**Aim of the task:** When you reproduce the listing, keep every word as it is and drop the pictures.

**Given data:**
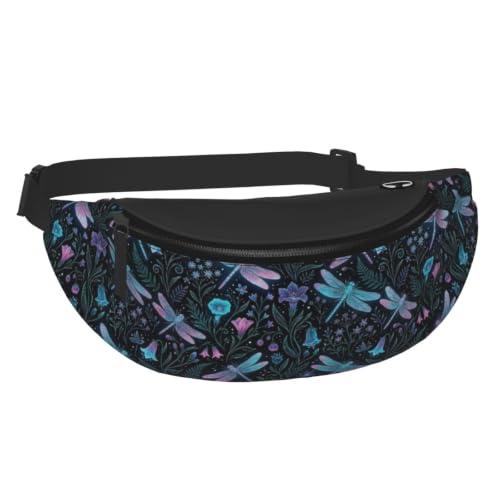Dujiea Fanny Pack, Botanical Dragonflies Waist Bag With Headphone Hole Belt Bag Adjustable Sling Pocket Fashion Hip Bum Bag For Women Men Kids Outdoors Casual Travelling Hiking Cycling - color: Botanical Dragonflies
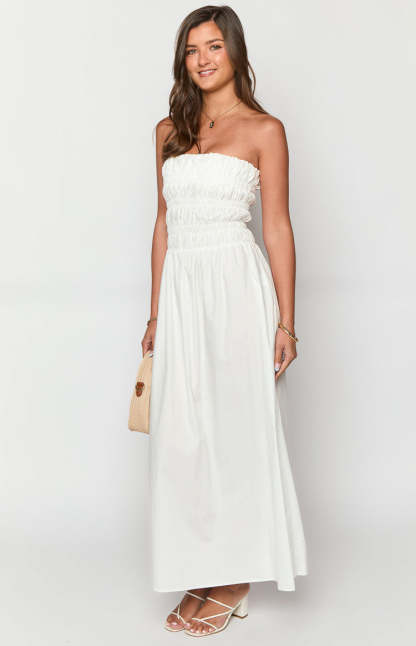 Benetti White Strapless Maxi Dress-Vavasi.All Rights Reserved.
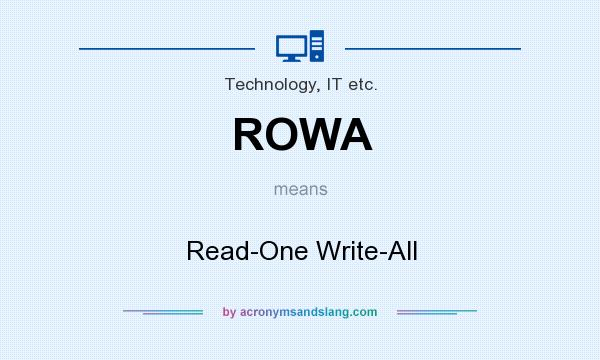 What does ROWA mean? It stands for Read-One Write-All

**Completed exercise:**
Dujiea Fanny Pack, Botanical Dragonflies Waist Bag With Headphone Hole Belt Bag Adjustable Sling Pocket Fashion Hip Bum Bag For Women Men Kids Outdoors Casual Travelling Hiking Cycling - color: Botanical Dragonflies
 Benetti White Strapless Maxi Dress-Vavasi.All Rights Reserved.
 What does ROWA mean? It stands for Read-One Write-All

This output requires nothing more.